A federal grand jury indicted former National Security Advisor John Bolton on Oct. 20, 2025, charging him with 18 counts related to the mishandling of classified national defense information [1]. The indictment includes eight counts of transmitting national defense information through personal online accounts and 10 counts of unlawfully retaining such material at his Bethesda, Maryland residence [1]. Bolton had not publicly commented on the charges as of the announcement date [1].
The charges arise under statutes governing the unauthorized transmission and retention of national defense information, provisions most prominently associated with the Espionage Act, 18 U.S.C. § 793 [1]. The case was brought by the Justice Department's National Security Division, which has prosecuted similar classified-document matters involving officials from prior administrations [1]. FBI Director Kash Patel stated that the investigation reflected work from career law enforcement professionals, a framing consistent with DOJ efforts to characterize the prosecution as apolitical [1]. Attorney General Pamela Bondi's Justice Department authorized the indictment [1].
The Bolton prosecution lands in a charged political environment. Critics have characterized the case as selective enforcement, noting that Bolton's public profile, his break with the Trump administration, and his subsequent book detailing internal White House deliberations made him a conspicuous target [1]. The indictment follows a period in which classified-document cases involving former President Donald Trump, former Vice President Mike Pence, and President Joe Biden produced sharply divergent prosecutorial outcomes, sharpening scrutiny of the criteria governing charging decisions in national security matters [1]. Bolton's prior access to highly sensitive intelligence as National Security Advisor from 2018 to 2019 makes the scope of the alleged retention particularly significant to prosecutors establishing materiality.
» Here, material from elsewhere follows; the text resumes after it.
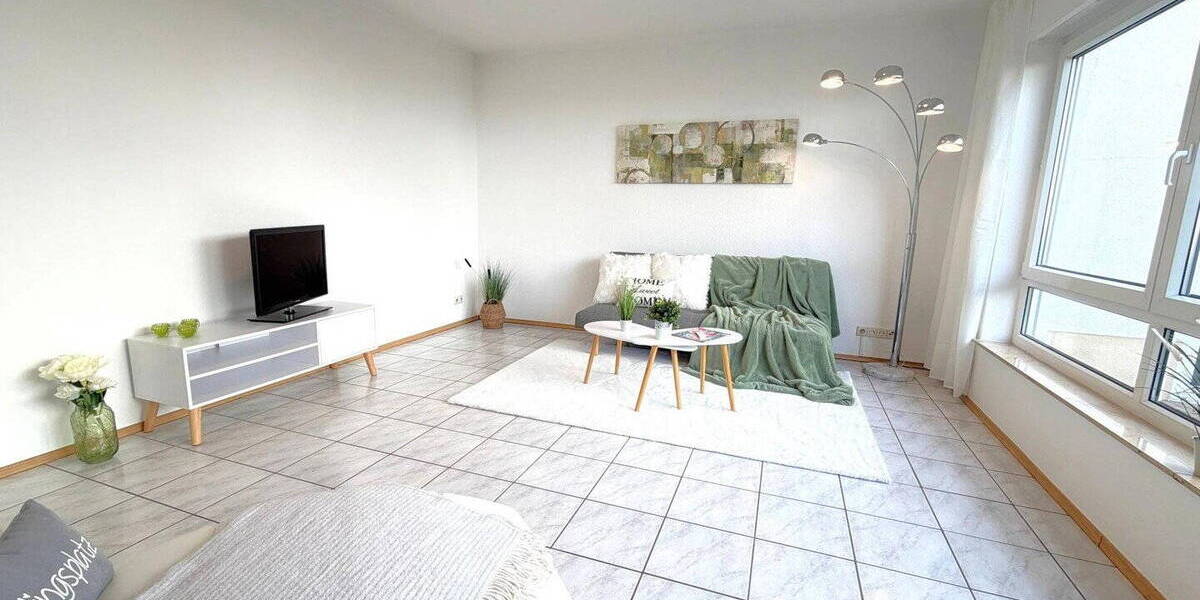 Einfamilienhaus Kindsbach - 5 Zimmer, 145 m&sup2;, 369.900&euro; | Angebot:26228723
Bolton's defense team will likely challenge the indictment on multiple grounds, including the government's classification determinations, the adequacy of any prior notice or document-return requests, and the selective-prosecution doctrine. Federal courts have historically set a high bar for selective-prosecution claims, requiring defendants to demonstrate both discriminatory effect and discriminatory intent. The case will be governed by the Classified Information Procedures Act, which will substantially shape pretrial litigation, limit public disclosure of evidentiary material, and extend the timeline before any trial. No arraignment date had been set as of the indictment's publication [1].